İZMİR’İN MANEVİ FATİHLERİ
Benim bildirimin başlığı bu şekilde. İzmir’in fethi sırasında, tarihimizde alp-eren, gazi-derviş, Barkan’ın söyleyişiyle Kolonizatör Türk Dervişleri’ nin de hizmetleri odu. Ömer Lütfi Barkan vakfiyelere dayanarak yazdığı “İstila Devirlerinin Kolonizatör Türk Dervişleri ve Zaviyeler” adlı makalesinde dinamik Türk dervişlerinden söz eder. Çok kere ıssız yerlerde kurulan bu zaviyeler, bir nevi sığınak demekti. Mensuplar boş yerlerden toprak açıp bağ bahçe yapan, gayet iyi cins meyve ağaçları yetiştiren mahir kimselerdi. Bu dervişler münzevi ve tufeyli olmayıp, çalışkan, gayretli ve müteşebbis bir yeni insan tipiydiler. İzmir’de onlarca yatır türbe ziyaret yeri var. Ben belgelere dayalı olan 3 tanesini ele aldım.
İzmir’in eski semtlerinden Namazgah denilen yerde Seyyid Mükerremüddin (Emir Sultan) zaviyesi var. Seyyid Mükerremüddin’in Aydınoğlu Gazi Umur Bey ile İzmir’in fethine iştirak etmiş olan kumandanlardan biri veya bir gazi derviştir. Fetihten hemen sonra bugünkü yerinde kurulan zaviyede yerleşti. Kadifekale eteklerinde kurduğu zaviye etrafında gelişen Şeyh Mahallesi Müslüman Türk yerleşiminin nüvesini oluşturdu.
İzmir’in fethi yıllarında yaşayan Yusuf Baba tekkesi Kadifekale yolunda İtfaiye kulesinin karşında idi. Burası önceleri Edhemi tekkesi olarak bilinirken bilahare Bektaşiler sahiplendi. 17. ve 18. yüzyıldan sonra Aziz Polycarp’ın mezarı olarak Hristiyanlarca da ilgi gördü. Şimdi yerinde İnkılap İlkokulu vardır.

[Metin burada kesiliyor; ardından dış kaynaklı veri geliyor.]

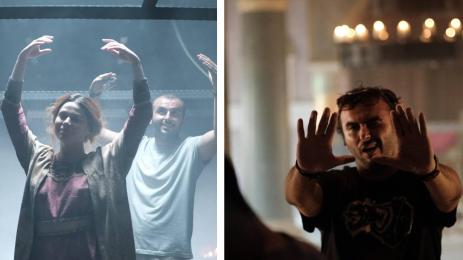 Зоран Петровски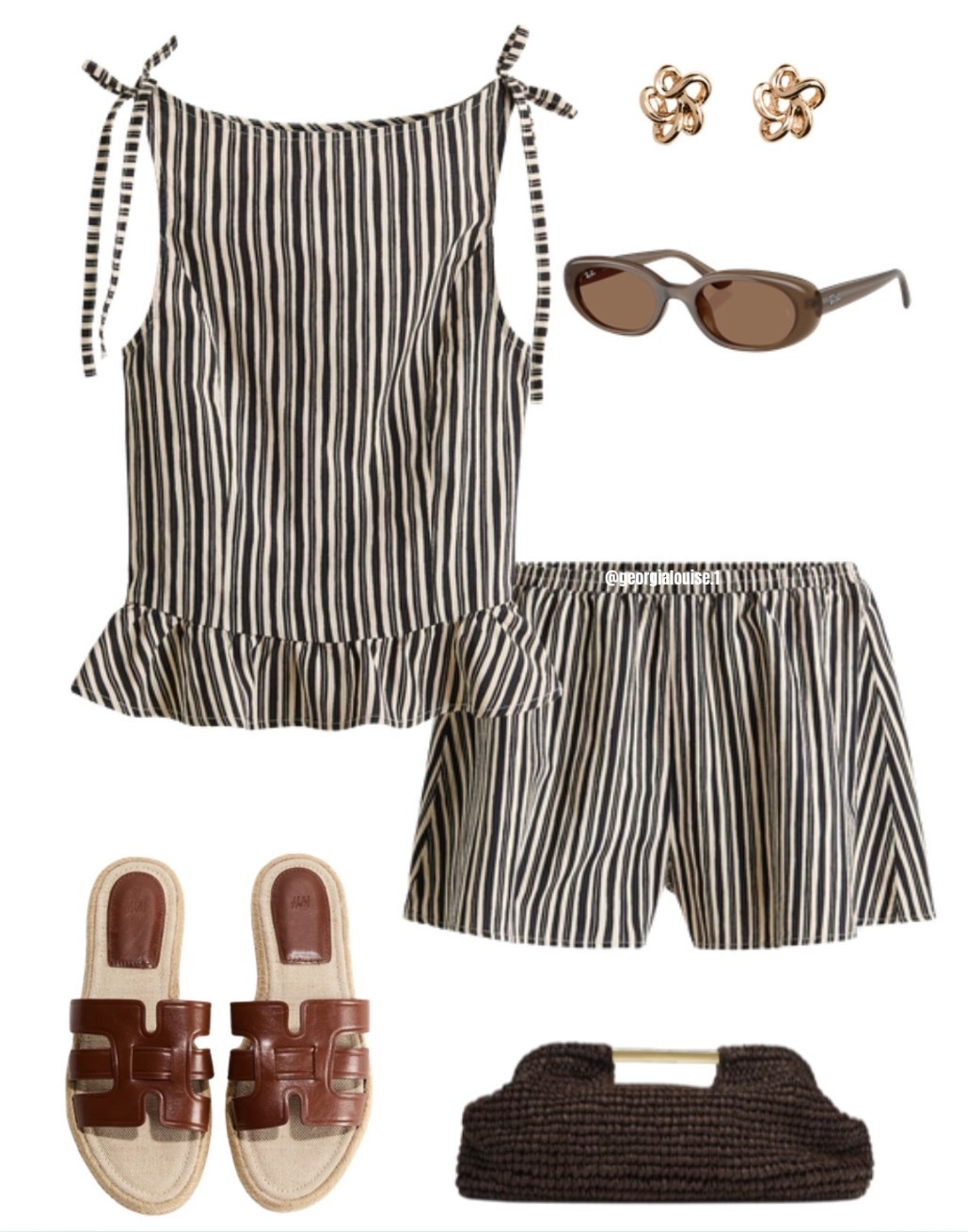 #LTKuk #LTKspring #LTKsummer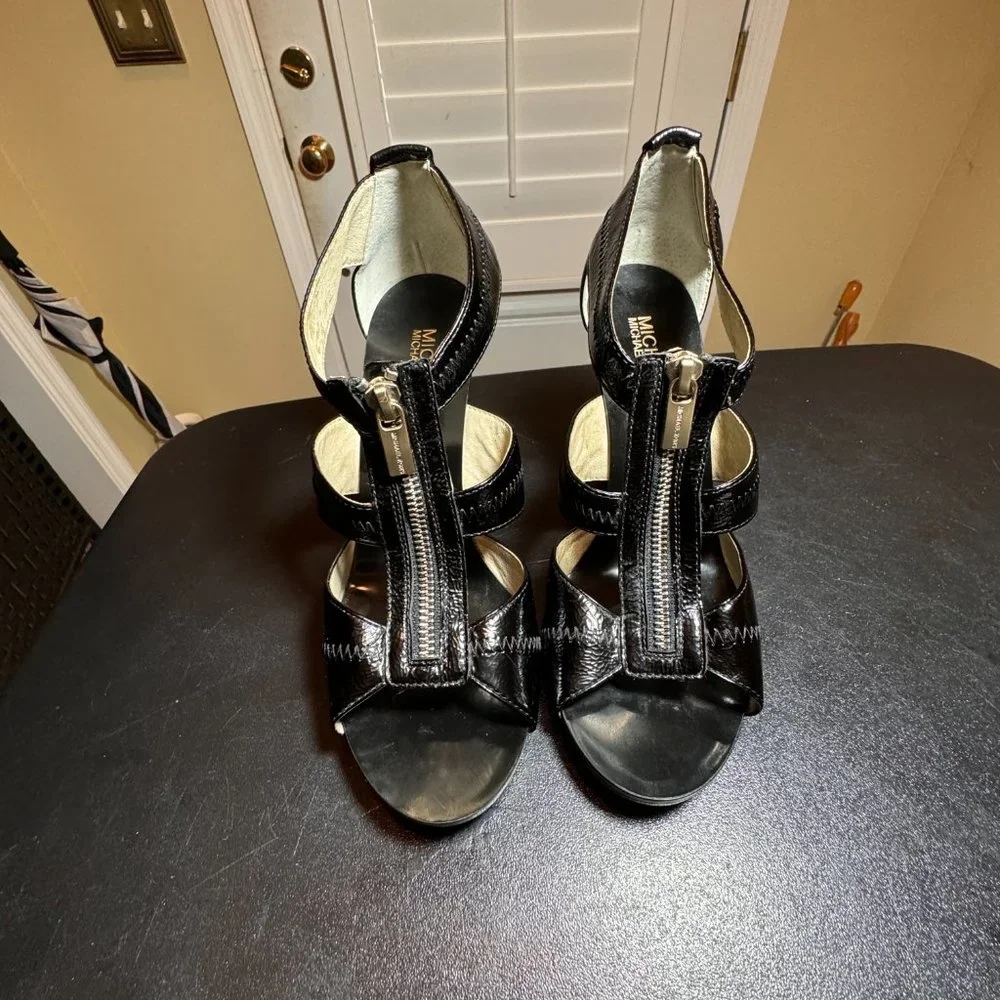 Michael Kors michael kors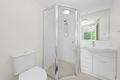 Property photo of LOT 2/125 Franz Road Clayfield QLD 4011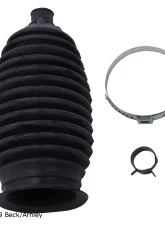 Beck/Arnley Rack and Pinion Bellows Kit 103-2793                                     - 103-2793 - Image 4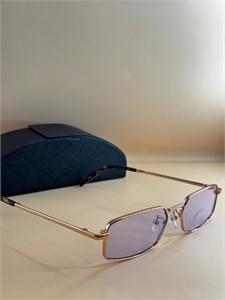 Очки PRADA 150320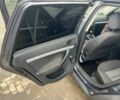 Сірий Шкода Октавія, об'ємом двигуна 1.6 л та пробігом 205 тис. км за 8500 $, фото 13 на Automoto.ua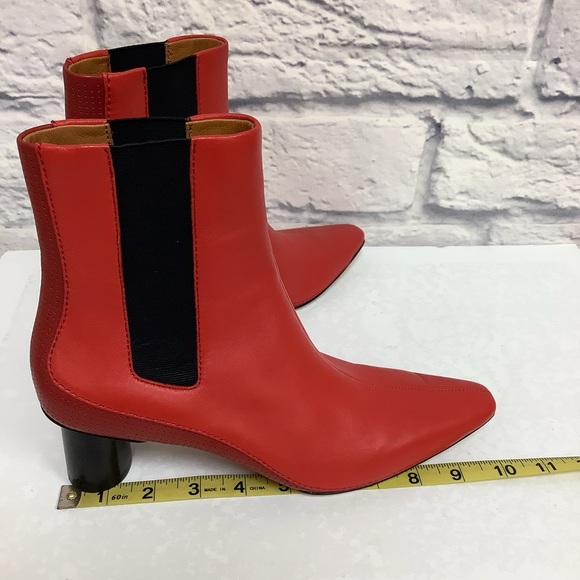 Rag & Bone “ Jet boot” - Picture 7 of 11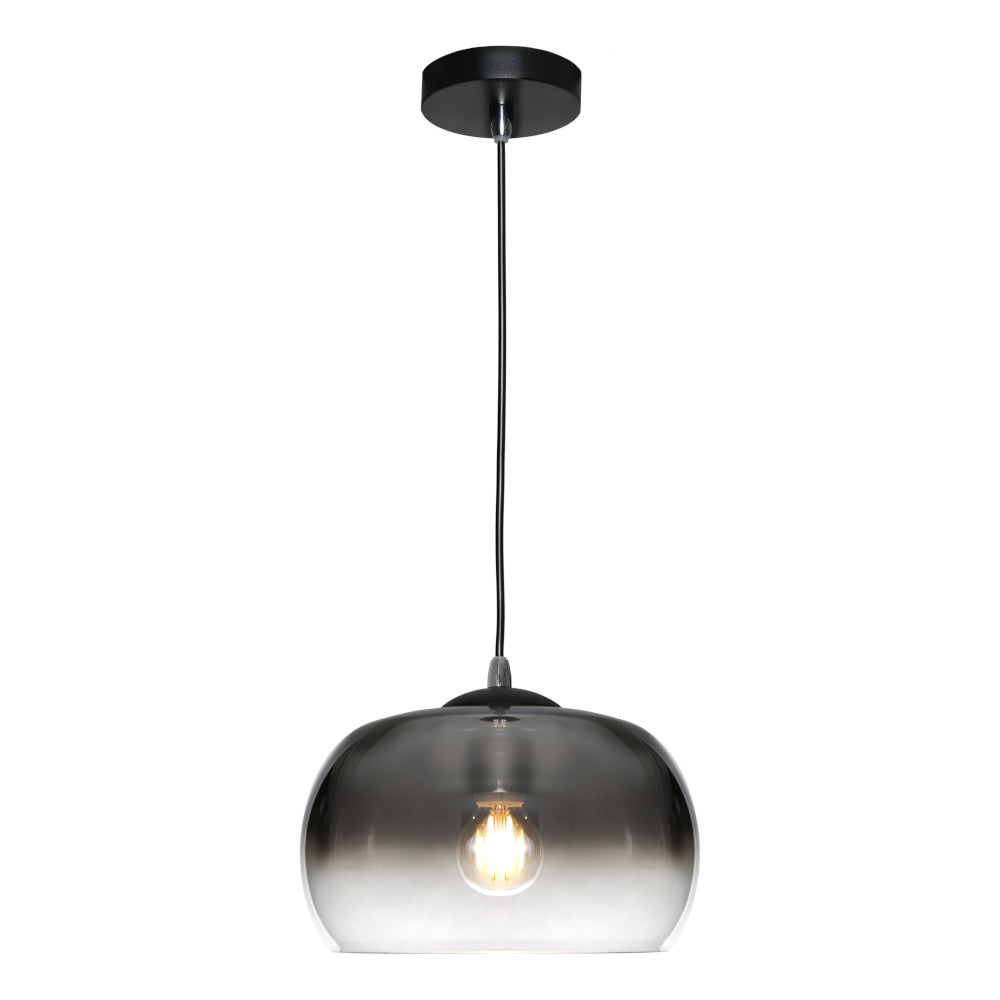 JORDET 1LT PENDANT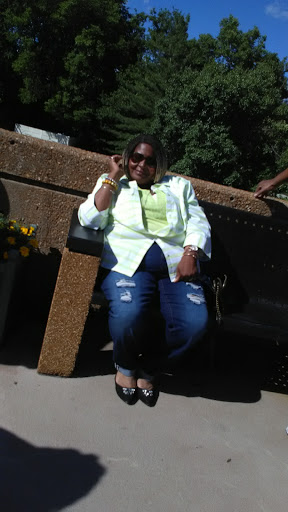 Amusement Park «White Birch Bay Aquatic Center», reviews and photos, 1186 Teson Rd, Hazelwood, MO 63042, USA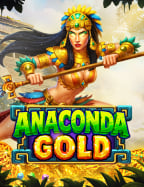 เข้ า ufabet ทดลองเล่นสล็อตสุดมันกับ Pragmatic Play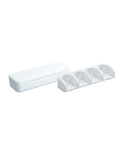 Spazzolino da Denti Elettrico Panasonic EW-DL83-W803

Bornova Ergene Mahallesinde Büyük Caminin (Hüseyin İsa Bey Camii) avlusunda Alişir, Beşir Nezir kardeşlerin türbesi vardır. 1300’lerin başlarında Aydınoğulları Bornova’yı aldı. Alişir, Beşir, Nezir kardeşler, bu sırada şehit düşmüştür.
Sempozyum için başta Dekan Hanefi Palabıyık ve Hüseyin Topal olmak üzere emeği geçen herkese teşekkürler.